Never heard of her, but my interest has been piqued. Cool name. Cool hair. The hair story she relays at the end calls to mind the biracial girl who was removed from her classroom. You can read the interview in it’s entirety HERE and/or check out her website HERE.
Chastity Brown releases High Noon Teeth
Soul singer straddles multiple genres
CP: Your prior album, Sankofa, was almost entirely made up of personal confessionals, whileHigh Noon Teeth incorporates more narrative storytelling and poetic metaphor. Why the shift in tone?
Brown: Some of the songs on Sankofa I hope to never sing again because they’re just so personal. That whole album was a reckoning of sorts that I felt like I had to go through to get to where I am now with my music. I was definitely writing much more imaginative songs this time around, rather than just about my personal experiences, and that was new for me. I talked about metaphors in songwriting a lot with Alexei [Casselle of Roma di Luna] and Joe [Horton, a.k.a. Eric Blair of No Bird Sing] while I was writing the album because that was all new terrain for me, and they both write songs just swarming with beautiful images. I don’t feel the need to be as blatant as I used to. This record was really all about pushing outside of my normal comfort zone and trying to take things to the next level creatively. Hopefully fans that have followed me for a while will appreciate that things are changing.

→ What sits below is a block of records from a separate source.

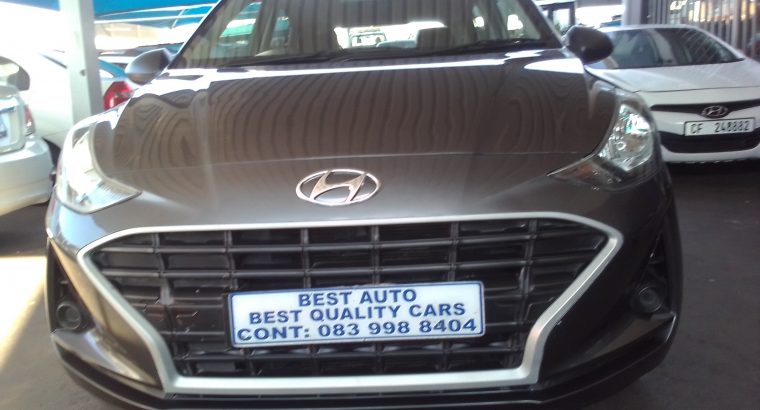 2021 Hyundai i10 Grand 1.2 Engine Capacity with Manuel Transmiss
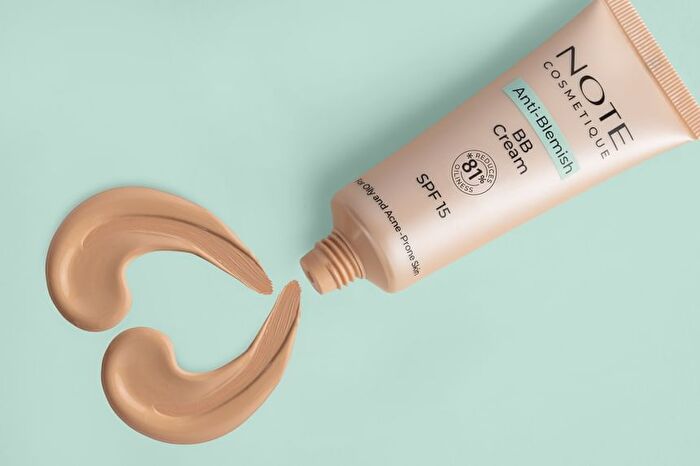 Note Anti-Blemish BB Cream - 5 Colors - 02# Light Beige - 30ml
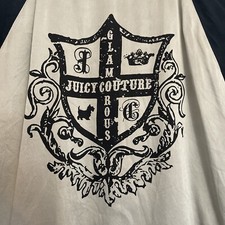 Juicy Couture Vintage Made With Love P&g Silk Reversible Bomber Jacket . M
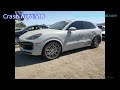 WP1AF2AYXPDA20101 Porsche 2023 cayenne turbo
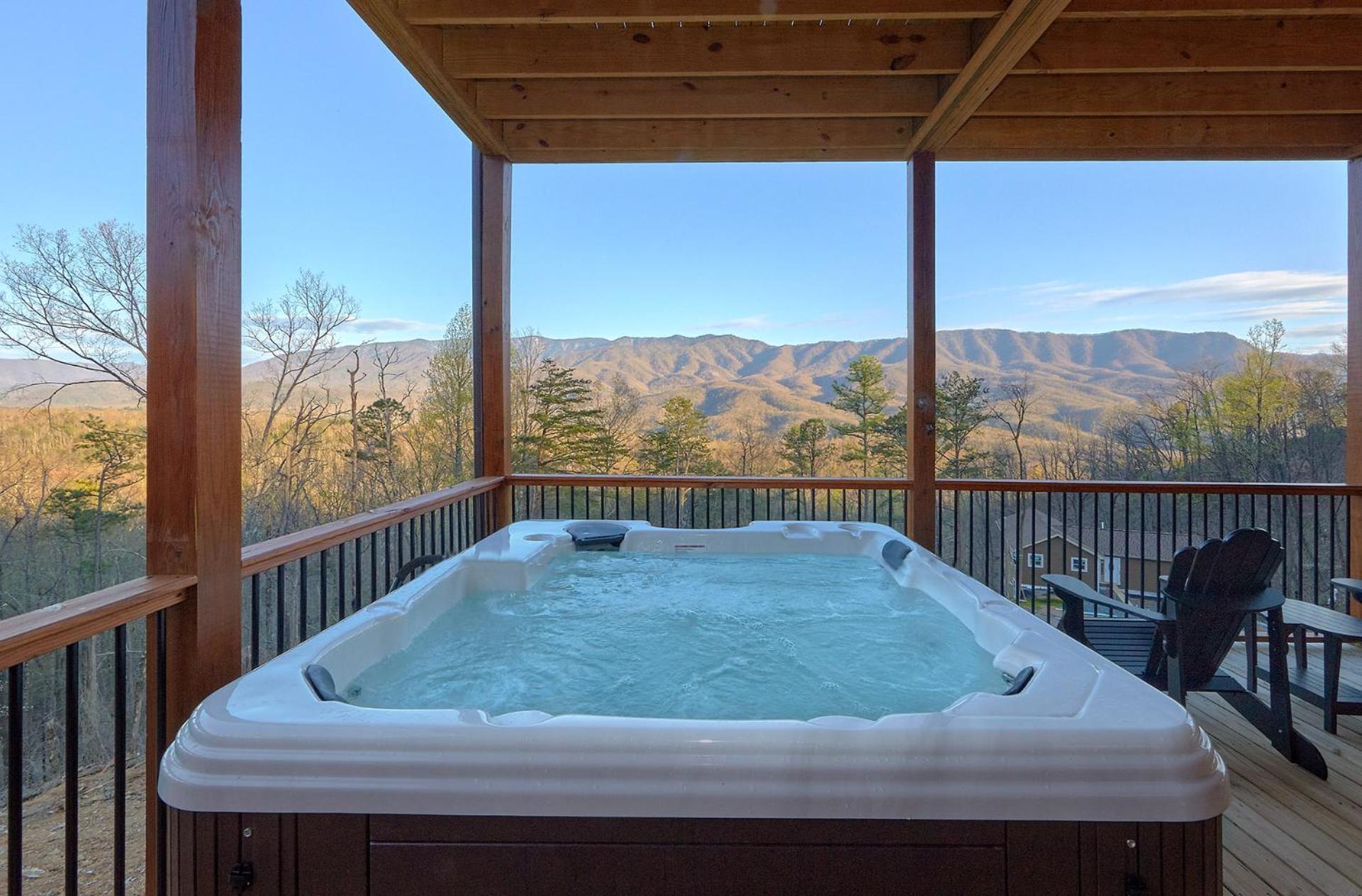 Misty Mountain Adventure Lodge 개틀린버그 외부 사진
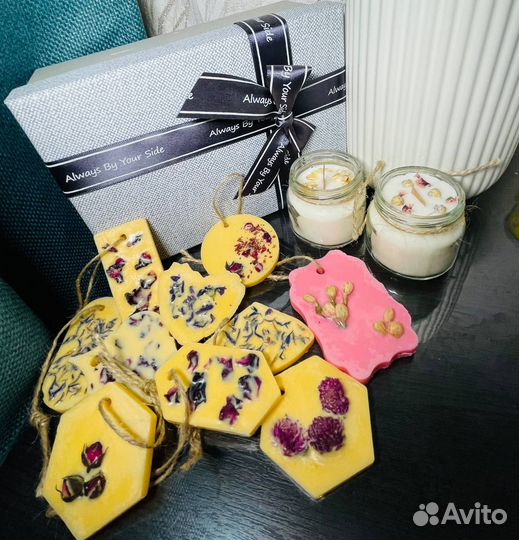Флорентийское саше, аромасаше из воска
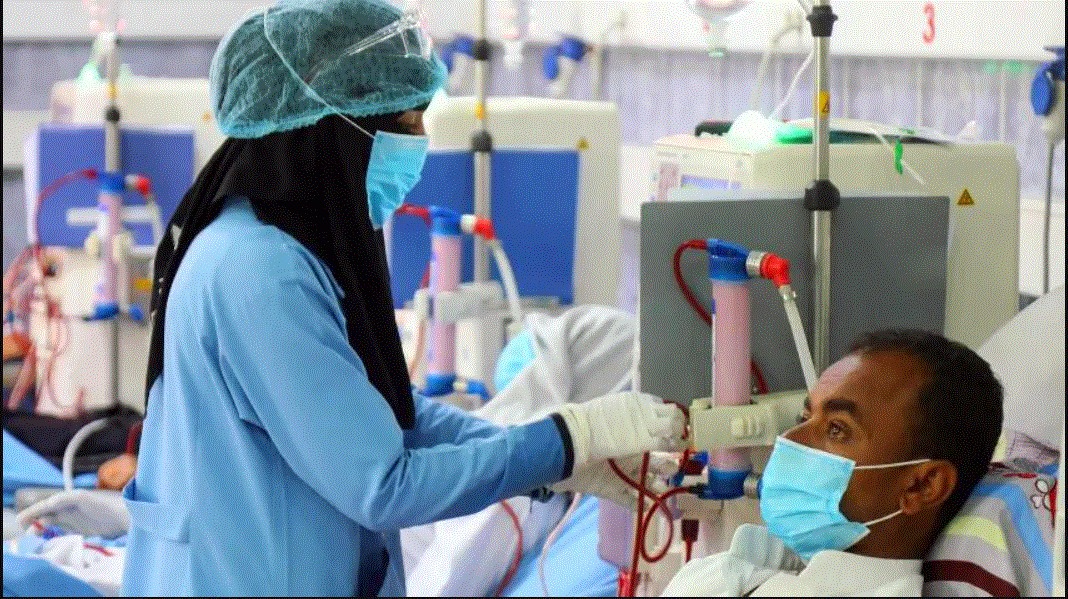 الصحة الدولية تؤكد أن نقص الامدادات وراء تفشي الأمراض في اليمن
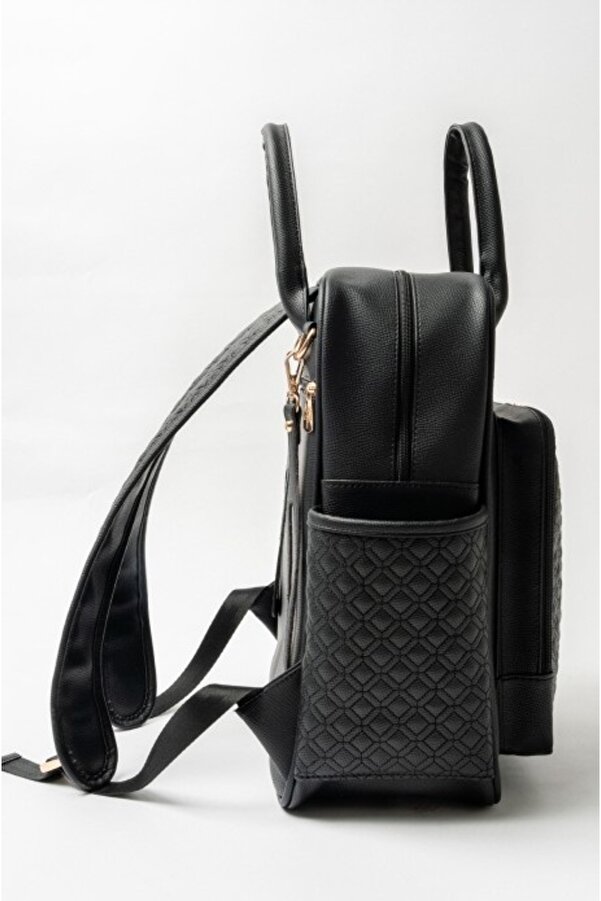 NW NessiWorld Anne Bebek Bakım Sırt Çantası 7350 Siyah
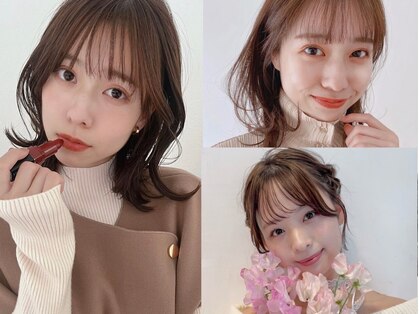 オブヘアージユウガオカ(Of HAIR Jiyugaoka)の写真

CP: One holdover from Sankofa is the presence of a song about your childhood, growing up biracial in small-town Tennessee (on Sankofa it was called “Bluegrassy Tune”; it’s present onHigh Noon Teeth in a new arrangement titled “Bound to Happen”). It’s an unflinchingly intense narrative (“Well my daddy was a black man and my mom blond hair, blue eyed/You know people would stare at us children/Like we were some suspicious kind”). What led you to feature it again this time around?
Brown: I decided to record that song the very last day I was in the studio for Sankofa when it was still super new. As I was playing it with the band, it rearranged itself and fine-tuned itself so I wanted to present it again. It’s an important song to me. At least once a week probably I still encounter some stupid racial situation. People ask me all the time if my hair is real, and I was at a show where a woman actually grabbed my hair and jerked it out of nowhere. It caught me so off guard and I remember going home and crying and being so angry. I felt conflicted, part of me wanted to educate her and part of me wanted to smack her and say, “How dare you touch me!” So the song is sort of my way of reaching out and taking the educational route and saying this is who I am and what my experiences have been. Depictions of mixed-race people are very popular in the media now and it’s a little strange for me because I’ve always looked this way. Growing up I was constantly made fun of for my hair; apparently now it’s a cool look.